**Dataset entries**

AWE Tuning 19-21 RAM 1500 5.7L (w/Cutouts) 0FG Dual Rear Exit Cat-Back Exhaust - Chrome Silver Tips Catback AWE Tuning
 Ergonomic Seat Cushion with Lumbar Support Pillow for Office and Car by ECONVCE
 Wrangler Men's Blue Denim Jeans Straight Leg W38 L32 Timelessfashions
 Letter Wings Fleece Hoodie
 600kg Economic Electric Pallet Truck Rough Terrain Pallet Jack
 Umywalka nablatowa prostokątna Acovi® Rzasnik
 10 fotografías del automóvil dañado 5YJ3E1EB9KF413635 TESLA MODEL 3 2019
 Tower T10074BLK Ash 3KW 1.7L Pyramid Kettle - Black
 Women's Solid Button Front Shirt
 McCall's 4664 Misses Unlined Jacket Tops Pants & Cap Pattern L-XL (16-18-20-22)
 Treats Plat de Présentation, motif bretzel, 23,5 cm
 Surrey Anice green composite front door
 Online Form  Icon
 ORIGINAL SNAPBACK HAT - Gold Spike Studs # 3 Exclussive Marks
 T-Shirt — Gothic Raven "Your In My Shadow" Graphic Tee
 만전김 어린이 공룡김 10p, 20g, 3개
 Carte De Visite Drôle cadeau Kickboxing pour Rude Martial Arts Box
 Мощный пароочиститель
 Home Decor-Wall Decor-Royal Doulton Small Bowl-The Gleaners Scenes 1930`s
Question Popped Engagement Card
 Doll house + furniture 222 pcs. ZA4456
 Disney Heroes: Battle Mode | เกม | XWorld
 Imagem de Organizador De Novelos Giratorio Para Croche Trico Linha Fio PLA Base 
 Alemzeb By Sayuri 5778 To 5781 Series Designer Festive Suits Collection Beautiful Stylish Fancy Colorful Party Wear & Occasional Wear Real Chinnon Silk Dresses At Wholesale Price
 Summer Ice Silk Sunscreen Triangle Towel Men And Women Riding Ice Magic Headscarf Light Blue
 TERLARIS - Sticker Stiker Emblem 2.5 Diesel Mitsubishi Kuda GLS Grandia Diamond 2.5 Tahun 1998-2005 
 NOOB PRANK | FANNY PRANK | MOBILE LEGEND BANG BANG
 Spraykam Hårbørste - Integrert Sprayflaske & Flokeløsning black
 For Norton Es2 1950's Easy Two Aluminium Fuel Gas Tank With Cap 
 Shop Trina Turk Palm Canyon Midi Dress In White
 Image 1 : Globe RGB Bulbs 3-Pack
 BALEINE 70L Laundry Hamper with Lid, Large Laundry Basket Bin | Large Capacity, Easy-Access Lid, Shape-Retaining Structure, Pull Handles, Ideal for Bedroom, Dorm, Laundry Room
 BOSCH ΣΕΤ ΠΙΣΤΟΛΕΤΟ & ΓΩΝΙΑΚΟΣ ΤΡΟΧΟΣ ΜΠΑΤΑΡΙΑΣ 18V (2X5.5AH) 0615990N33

**Task requirements**
Return, word for word, the lines of the data above from the line with "Letter Wings Fleece Hoodie" through the line with "Question Popped Engagement Card", inclusive.

**Task answer**
 Letter Wings Fleece Hoodie
 600kg Economic Electric Pallet Truck Rough Terrain Pallet Jack
 Umywalka nablatowa prostokątna Acovi® Rzasnik
 10 fotografías del automóvil dañado 5YJ3E1EB9KF413635 TESLA MODEL 3 2019
 Tower T10074BLK Ash 3KW 1.7L Pyramid Kettle - Black
 Women's Solid Button Front Shirt
 McCall's 4664 Misses Unlined Jacket Tops Pants & Cap Pattern L-XL (16-18-20-22)
 Treats Plat de Présentation, motif bretzel, 23,5 cm
 Surrey Anice green composite front door
 Online Form  Icon
 ORIGINAL SNAPBACK HAT - Gold Spike Studs # 3 Exclussive Marks
 T-Shirt — Gothic Raven "Your In My Shadow" Graphic Tee
 만전김 어린이 공룡김 10p, 20g, 3개
 Carte De Visite Drôle cadeau Kickboxing pour Rude Martial Arts Box
 Мощный пароочиститель
 Home Decor-Wall Decor-Royal Doulton Small Bowl-The Gleaners Scenes 1930`s
Question Popped Engagement Card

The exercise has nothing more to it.